DATA EXCERPT:
□ □ □ □

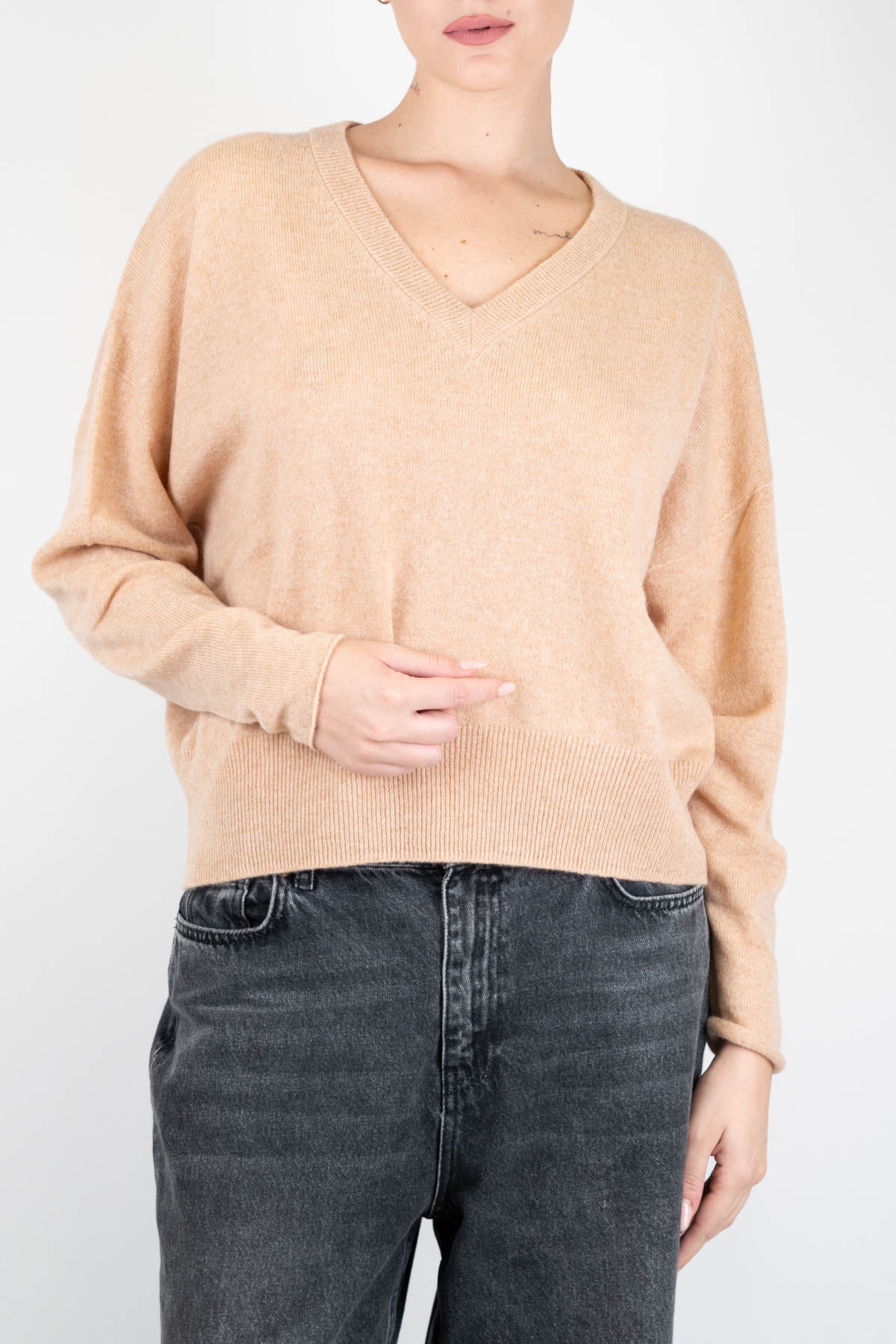 Tensione in - Maglia scollo a V in 100% puro cashmere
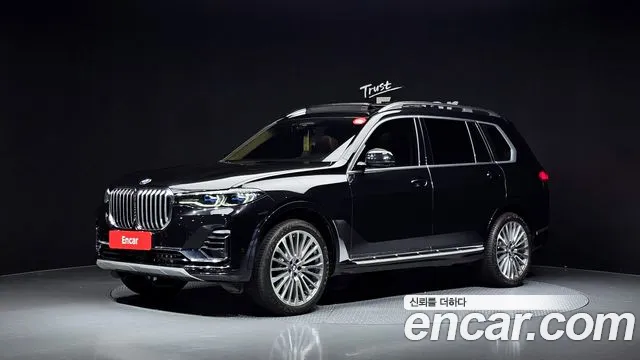 BMW X7 2022 — photo 1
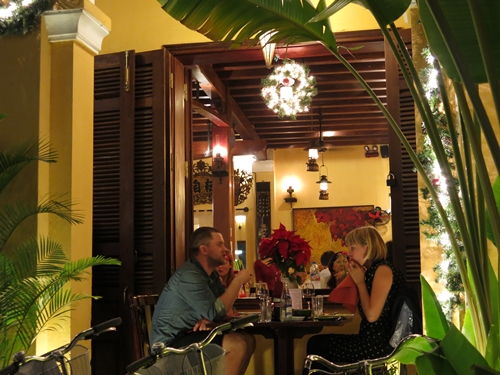 các[-]em[-]nhỏ[-]được[-]bố[-]mẹ[-]mua[-]quà[-]tặng[-]và[-]ghi[-]hình[-]lưu[-]niệm[-]trong[-]đêm[-]Noel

□ □ □ □

WORK INSTRUCTIONS:
Retype the data exactly as it stands, but keep the images out of your copy.

COMPLETED EXERCISE:
 Tensione in - Maglia scollo a V in 100% puro cashmere
 BMW X7 2022 — photo 1
 các[-]em[-]nhỏ[-]được[-]bố[-]mẹ[-]mua[-]quà[-]tặng[-]và[-]ghi[-]hình[-]lưu[-]niệm[-]trong[-]đêm[-]Noel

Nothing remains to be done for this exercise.